列車は10両編成で「展望車」が両端に各1両、1両に3室が配される「スイート」が5両、他に「デラックススイート」と最上クラスの「四季島スイート」、「ダイニングカー」、「ラウンジカー」で構成される。
従来の鉄道車両の常識を打ち破る個性的な外観と客室内装は、ゼネラルモーターズ社チーフデザイナーなどを歴任した奥山清行氏が担当。その斬新なスタイルは鉄道ファンだけでなく、幅広い層から高い関心を集めている。
この列車をいち早くNゲージモデルで発売したのが、鉄道模型メーカーのカトーだ。
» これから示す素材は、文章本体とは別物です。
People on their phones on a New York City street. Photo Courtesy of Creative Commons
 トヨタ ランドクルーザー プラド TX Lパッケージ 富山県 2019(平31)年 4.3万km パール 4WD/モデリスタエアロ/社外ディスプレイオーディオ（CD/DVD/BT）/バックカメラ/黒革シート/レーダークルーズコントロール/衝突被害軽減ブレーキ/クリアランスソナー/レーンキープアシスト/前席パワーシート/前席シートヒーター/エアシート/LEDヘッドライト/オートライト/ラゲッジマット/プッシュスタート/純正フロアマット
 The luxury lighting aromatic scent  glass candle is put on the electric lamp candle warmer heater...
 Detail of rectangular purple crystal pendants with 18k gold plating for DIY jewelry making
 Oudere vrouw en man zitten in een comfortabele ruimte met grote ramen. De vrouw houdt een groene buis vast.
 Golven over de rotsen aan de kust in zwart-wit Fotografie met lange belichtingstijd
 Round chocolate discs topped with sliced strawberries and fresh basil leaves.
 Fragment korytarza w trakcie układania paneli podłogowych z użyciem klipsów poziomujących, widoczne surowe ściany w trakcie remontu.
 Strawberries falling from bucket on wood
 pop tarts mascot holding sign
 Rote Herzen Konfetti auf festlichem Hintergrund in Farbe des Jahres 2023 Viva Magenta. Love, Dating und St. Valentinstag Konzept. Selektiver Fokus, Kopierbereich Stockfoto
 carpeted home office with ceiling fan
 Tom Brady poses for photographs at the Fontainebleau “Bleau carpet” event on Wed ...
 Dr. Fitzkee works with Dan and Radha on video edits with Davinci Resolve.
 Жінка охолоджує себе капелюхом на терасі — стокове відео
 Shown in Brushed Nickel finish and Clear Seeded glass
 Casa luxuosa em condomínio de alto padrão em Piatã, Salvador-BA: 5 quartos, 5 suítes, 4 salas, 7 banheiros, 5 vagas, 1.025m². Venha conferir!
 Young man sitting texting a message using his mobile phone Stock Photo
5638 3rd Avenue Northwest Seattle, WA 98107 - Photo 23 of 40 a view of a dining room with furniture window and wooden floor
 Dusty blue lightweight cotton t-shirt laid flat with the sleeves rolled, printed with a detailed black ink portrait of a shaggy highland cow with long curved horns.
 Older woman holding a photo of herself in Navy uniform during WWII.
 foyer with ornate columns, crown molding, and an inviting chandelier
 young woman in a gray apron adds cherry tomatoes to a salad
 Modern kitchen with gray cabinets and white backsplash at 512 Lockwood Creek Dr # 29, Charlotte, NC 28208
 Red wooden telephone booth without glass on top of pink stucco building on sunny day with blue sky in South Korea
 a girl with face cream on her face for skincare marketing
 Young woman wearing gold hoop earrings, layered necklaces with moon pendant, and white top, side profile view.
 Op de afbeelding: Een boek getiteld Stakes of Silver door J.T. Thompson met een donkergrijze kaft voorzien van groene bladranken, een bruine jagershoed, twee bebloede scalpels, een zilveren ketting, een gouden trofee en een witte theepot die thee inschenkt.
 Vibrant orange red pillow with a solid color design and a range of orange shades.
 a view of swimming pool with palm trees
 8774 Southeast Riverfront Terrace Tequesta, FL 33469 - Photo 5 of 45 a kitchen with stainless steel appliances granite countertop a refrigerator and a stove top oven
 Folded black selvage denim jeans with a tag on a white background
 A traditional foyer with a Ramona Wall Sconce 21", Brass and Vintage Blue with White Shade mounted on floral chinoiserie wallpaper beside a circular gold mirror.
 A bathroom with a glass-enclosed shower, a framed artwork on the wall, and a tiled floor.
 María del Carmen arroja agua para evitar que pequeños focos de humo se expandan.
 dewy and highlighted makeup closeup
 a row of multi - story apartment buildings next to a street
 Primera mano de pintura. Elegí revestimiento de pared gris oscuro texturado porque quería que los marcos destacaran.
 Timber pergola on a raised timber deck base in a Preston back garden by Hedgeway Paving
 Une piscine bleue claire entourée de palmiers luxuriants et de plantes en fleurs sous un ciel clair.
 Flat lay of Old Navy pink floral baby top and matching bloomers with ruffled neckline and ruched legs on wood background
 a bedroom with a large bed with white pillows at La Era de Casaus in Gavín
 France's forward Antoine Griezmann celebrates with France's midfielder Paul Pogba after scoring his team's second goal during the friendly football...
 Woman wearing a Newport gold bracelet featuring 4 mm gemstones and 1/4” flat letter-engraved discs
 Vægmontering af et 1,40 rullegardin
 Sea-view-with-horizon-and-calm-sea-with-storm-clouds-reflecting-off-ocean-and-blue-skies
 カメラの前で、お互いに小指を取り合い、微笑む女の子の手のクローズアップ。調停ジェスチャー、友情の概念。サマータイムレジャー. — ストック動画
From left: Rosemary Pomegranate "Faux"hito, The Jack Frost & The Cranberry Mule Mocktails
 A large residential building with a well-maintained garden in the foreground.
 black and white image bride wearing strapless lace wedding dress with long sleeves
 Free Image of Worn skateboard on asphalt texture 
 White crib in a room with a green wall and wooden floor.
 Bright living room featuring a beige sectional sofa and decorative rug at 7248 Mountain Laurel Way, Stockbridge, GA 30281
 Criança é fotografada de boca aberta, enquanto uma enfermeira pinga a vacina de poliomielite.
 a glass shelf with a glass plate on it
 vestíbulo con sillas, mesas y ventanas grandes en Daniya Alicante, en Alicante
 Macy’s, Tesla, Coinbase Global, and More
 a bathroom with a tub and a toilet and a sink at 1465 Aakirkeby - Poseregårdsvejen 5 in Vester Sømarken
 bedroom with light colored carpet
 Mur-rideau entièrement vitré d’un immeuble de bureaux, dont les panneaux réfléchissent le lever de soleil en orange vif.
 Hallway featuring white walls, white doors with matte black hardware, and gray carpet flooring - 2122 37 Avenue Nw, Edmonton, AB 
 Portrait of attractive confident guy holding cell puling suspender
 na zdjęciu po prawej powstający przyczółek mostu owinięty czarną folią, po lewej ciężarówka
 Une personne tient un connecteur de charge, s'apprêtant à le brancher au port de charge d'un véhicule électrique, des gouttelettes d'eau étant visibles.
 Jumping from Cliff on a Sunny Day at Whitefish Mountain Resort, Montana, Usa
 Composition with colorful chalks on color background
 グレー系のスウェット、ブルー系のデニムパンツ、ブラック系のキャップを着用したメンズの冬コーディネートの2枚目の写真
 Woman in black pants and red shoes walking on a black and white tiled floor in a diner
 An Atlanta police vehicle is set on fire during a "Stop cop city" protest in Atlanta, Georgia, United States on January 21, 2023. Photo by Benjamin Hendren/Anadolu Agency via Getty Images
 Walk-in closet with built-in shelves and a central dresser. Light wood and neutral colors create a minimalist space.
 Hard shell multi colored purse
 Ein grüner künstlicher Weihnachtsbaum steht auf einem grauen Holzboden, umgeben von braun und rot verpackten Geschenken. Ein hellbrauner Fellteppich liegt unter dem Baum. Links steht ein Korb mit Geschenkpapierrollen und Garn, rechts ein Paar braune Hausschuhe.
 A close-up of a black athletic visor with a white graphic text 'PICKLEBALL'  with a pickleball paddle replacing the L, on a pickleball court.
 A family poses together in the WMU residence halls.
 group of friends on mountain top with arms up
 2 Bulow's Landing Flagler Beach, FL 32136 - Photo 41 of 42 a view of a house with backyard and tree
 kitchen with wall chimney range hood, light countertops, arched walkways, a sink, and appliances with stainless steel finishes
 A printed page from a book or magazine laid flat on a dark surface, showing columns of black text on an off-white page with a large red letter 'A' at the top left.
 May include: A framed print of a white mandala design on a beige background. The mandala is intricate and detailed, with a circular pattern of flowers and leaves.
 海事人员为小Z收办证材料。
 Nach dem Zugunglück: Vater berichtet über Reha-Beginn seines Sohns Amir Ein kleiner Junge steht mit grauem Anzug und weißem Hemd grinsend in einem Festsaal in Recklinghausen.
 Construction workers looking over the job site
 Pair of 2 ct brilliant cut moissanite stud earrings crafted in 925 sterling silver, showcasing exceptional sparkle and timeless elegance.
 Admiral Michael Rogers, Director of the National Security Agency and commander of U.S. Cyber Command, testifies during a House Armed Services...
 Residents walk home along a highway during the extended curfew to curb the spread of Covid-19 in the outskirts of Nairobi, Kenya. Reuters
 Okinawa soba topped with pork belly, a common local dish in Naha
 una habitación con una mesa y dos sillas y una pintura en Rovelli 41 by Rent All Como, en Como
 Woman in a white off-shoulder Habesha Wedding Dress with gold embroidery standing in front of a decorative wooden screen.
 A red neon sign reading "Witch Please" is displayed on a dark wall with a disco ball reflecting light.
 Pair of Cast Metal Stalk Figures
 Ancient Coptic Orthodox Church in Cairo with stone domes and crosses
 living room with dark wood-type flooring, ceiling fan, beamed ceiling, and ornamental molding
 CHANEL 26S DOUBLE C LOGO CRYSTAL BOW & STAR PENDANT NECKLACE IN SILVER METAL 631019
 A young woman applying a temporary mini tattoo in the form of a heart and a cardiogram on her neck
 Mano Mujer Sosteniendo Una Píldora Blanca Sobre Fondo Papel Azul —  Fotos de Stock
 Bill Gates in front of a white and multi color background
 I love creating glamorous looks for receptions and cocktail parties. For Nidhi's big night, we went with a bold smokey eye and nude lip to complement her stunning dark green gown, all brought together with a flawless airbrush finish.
これまでとは異なる、全く新しいタイプの車両の模型化ということもあり、同社の最新技術が随所に盛り込まれた力作となった。
ここでは、模型化に際して、特にこだわりが感じられる先頭車のデザイン、屋根上のディテール再現、「展望車」「ラウンジカー」「ダイニングカー」の客室表現について紹介する。
先頭車のデザイン
「く」の字に傾斜した独特の形状を持つ先頭車の運転台部分。フロント窓の左右には4灯の白色LEDヘッドライトと1灯のテールライトが縦一列に並び、ブラックフェイスの運転台周りを個性的に演出する。外装塗色はシャンパンゴールドをベースに、この車両のために特別調合した「四季島ゴールド」を採用し、上質感を醸し出す。
ヘッドライトとテールライトの点灯はもちろんのこと、車体中央から先頭にかけて細くなる微妙なシルエットや「く」の字の傾斜部分、フロントガラスに沿って左右外側に角度がつけられた前面形状までをリアルに再現。「四季島ゴールド」の塗色も実感的な仕上がりとなった。
屋根上のディテール再現
「四季島」は電化区間では架線から集電を行ない、非電化区間は車両に搭載したディーゼル発電機の電力で駆動する走行システムを採用している。このため屋根上には多彩な機器が複雑に配置される。パンタグラフを搭載した中間車では、交直流機器とその周辺の配管までをリアルに再現。
先頭車の屋根には、ディーゼル発電機用の5基の冷却ファンがズラリと並ぶ。別パーツで構成されており、真上から見た時にそれぞれの内部のファンの回転位置が、実車さながらにバラバラになるような細かな演出が施される。